**Records for this task**
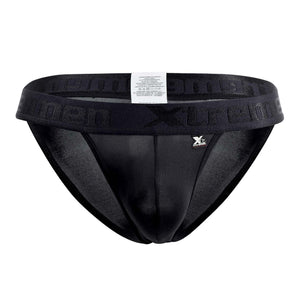 Men's bikini underwear - Xtremen Underwear 91057-3 3PK Big Pouch Men's Bikini available at MensUnderwear.io - Image 24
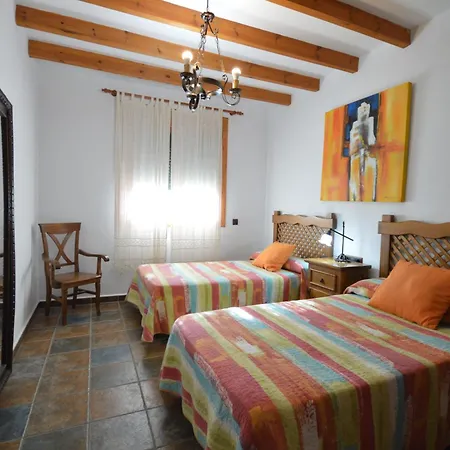Paraiso Andaluz Villa Malaga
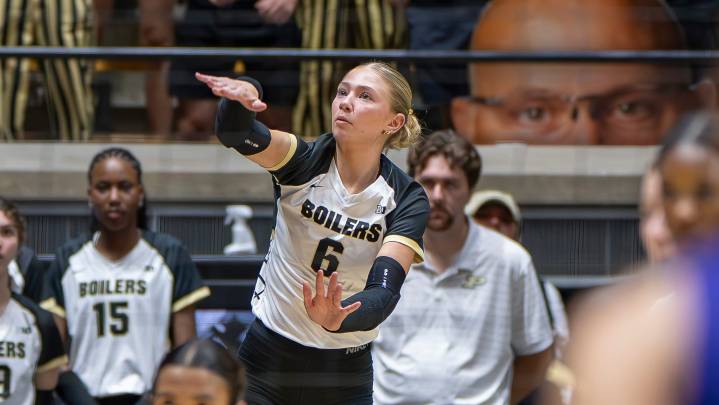 Purdue volleyball in NCAA Tournament: where to watch, tickets, opponent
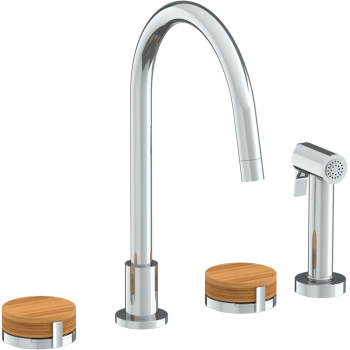 Watermark 21 7 1 Elements Kitchen Faucet Qualitybath Com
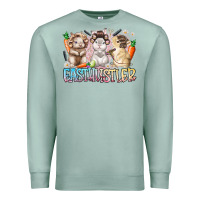 Seafoam east hustler Premium Sweatshirt - RacoonDesign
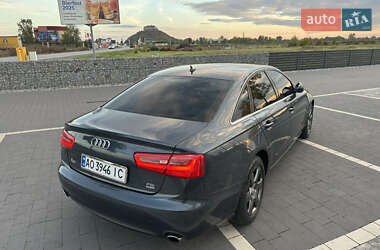 Седан Audi A6 2011 в 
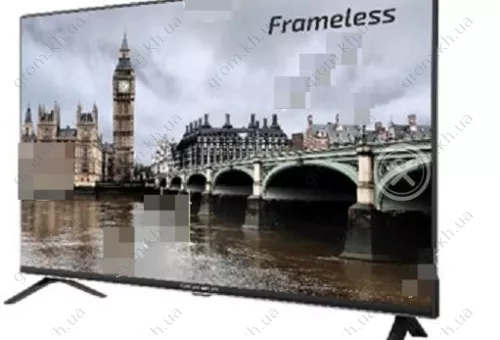 Фото 1- ТБ Grunhelm G40FSFL7 40 дюймів T2 SMART FHD frameless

**Description of the task**
Pictures stay out, but everything else in the records must be output exactly.

**Written response**
 Men's bikini underwear - Xtremen Underwear 91057-3 3PK Big Pouch Men's Bikini available at MensUnderwear.io - Image 24
Paraiso Andaluz Villa Malaga
 Purdue volleyball in NCAA Tournament: where to watch, tickets, opponent
 Watermark 21 7 1 Elements Kitchen Faucet Qualitybath Com
 Seafoam east hustler Premium Sweatshirt - RacoonDesign
 Седан Audi A6 2011 в 
 Фото 1- ТБ Grunhelm G40FSFL7 40 дюймів T2 SMART FHD frameless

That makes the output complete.